We have lots and lots of flexibility: we have numerous tools which make it easy for us to adjust to almost any needs that come up during our daily task of making the world a better place. We have a bunch of toolkits on top of said build process, we even have a bunch of patch systems to add patches on top of the meta versioning we use internally. Also there’s a lot of automagic that happens behind the scenes.
Sounds great so far? So why the controversial title of this post? Because in my 4+ years with Ubuntu I’ve reviewed several hundreds of packages and answered several thousands of packaging related questions and lately I’ve been wondering about the nature of my answers on IRC, in Bug and Packaging Jams, in email or when writing documentation. With every answer I gave I could feel the speed bump for new contributors (no matter which background they have) more. To the point where I was almost feeling it physically.

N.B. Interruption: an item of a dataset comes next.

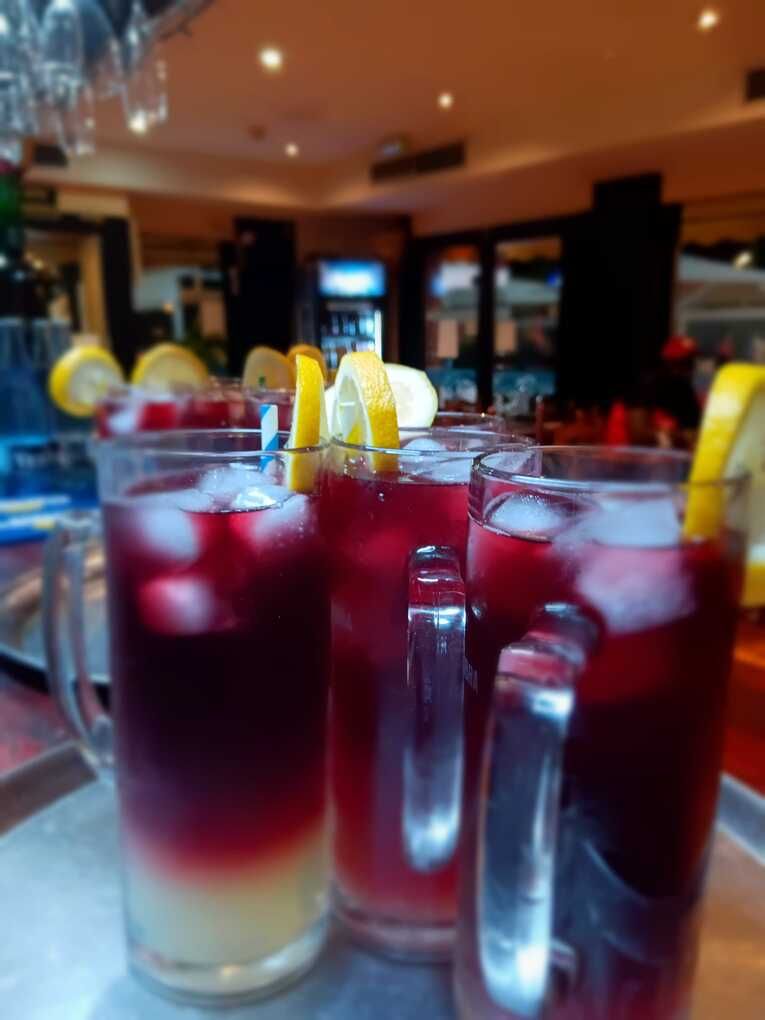 Una fila de tazas llenas de líquido rojo y hielo.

To us it all makes sense, it’s all there for a reason. I’m challenging that. Wherever we have difficulties explaining what we’re doing or need to explain three or four different concepts before we get to the point of explaining what the tool is for we should make a mental note to bring it up with somebody else again and maybe do something about it. Legacy should not be the only argument for keeping it.

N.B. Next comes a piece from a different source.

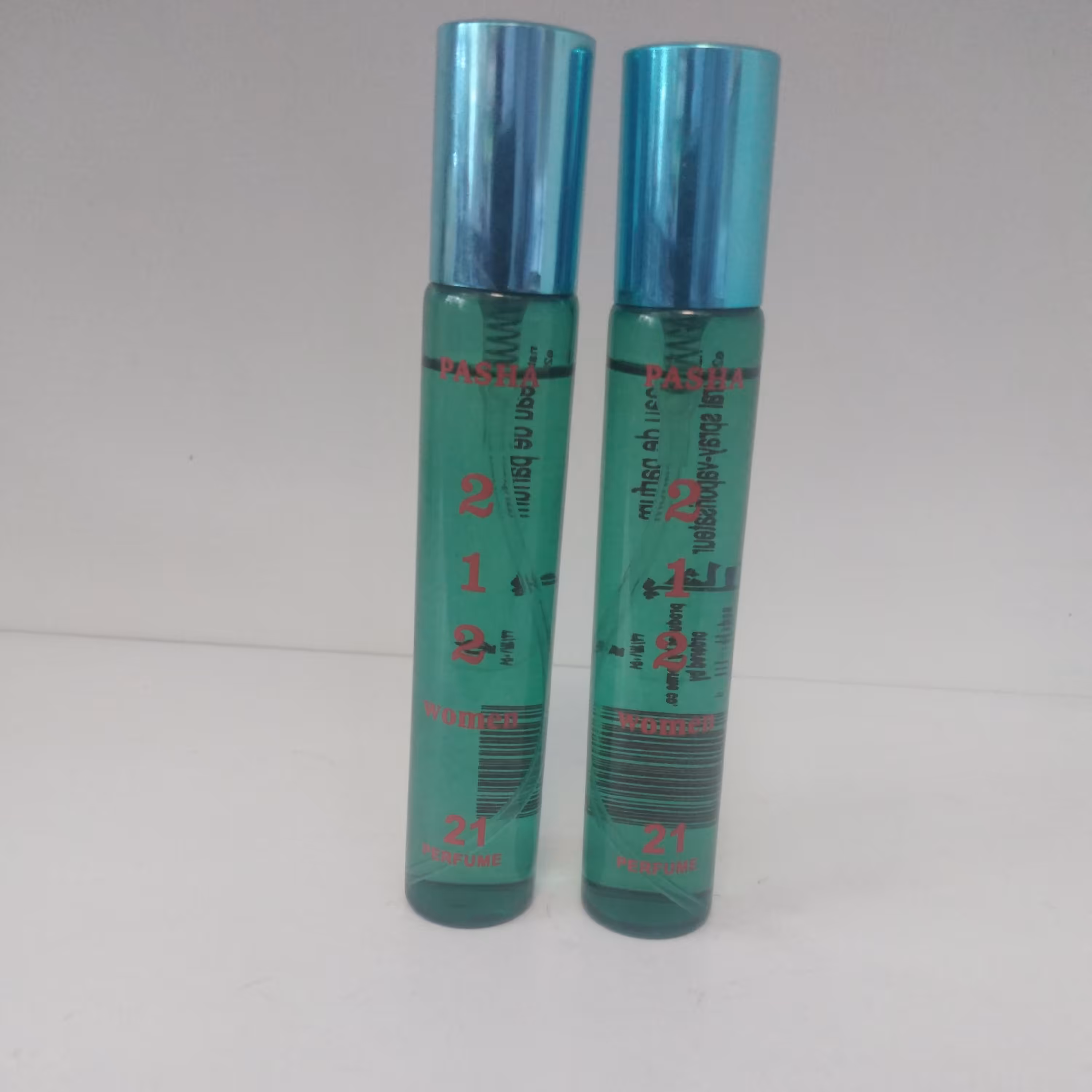 عطر جیبی زنانه پاشا مدل 212 حجم 24 میلی لیتر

In addition to that have I seen so many package uploads in the last four years whose sole changes were bookkeeping only and had no effect for what my mother is using her computer is for. Add to that months worth of discussion that made the impression on newcomers that exactly the bookkeeping is the important thing in working on Ubuntu or Debian.
So what are we good at? What is the actual worth of a distribution?
We’re incredibly good at integrating things, we’re good at adding value to Upstream code by glueing it together, by making it shine, by making it more prominent, by adding documentation. I work with lots and lots of developers every day and I have mad respect for each and everyone of you. Staying on top of what our users want, what happens upstream and in other distros is a great job. Very often it’s the job of a very technical ambassador. If you like working with people, you’re good at communicating, have a knack for making things work again and love technology, you should definitely think about getting roped in.
So what can we do to help us concentrate on what we’re good at and what brings value to our users?
That’s the million dollar question and I’m not going to give sufficient answers to it.
There’s a few things that we desperately need to make easier to speed up development and get more people (new developers and upstream developers alike) involved.
In my ideal world, I’d not bother with figuring out where to get source code from. I’d use my favourite revision control system for everything - we’re in the 21st century!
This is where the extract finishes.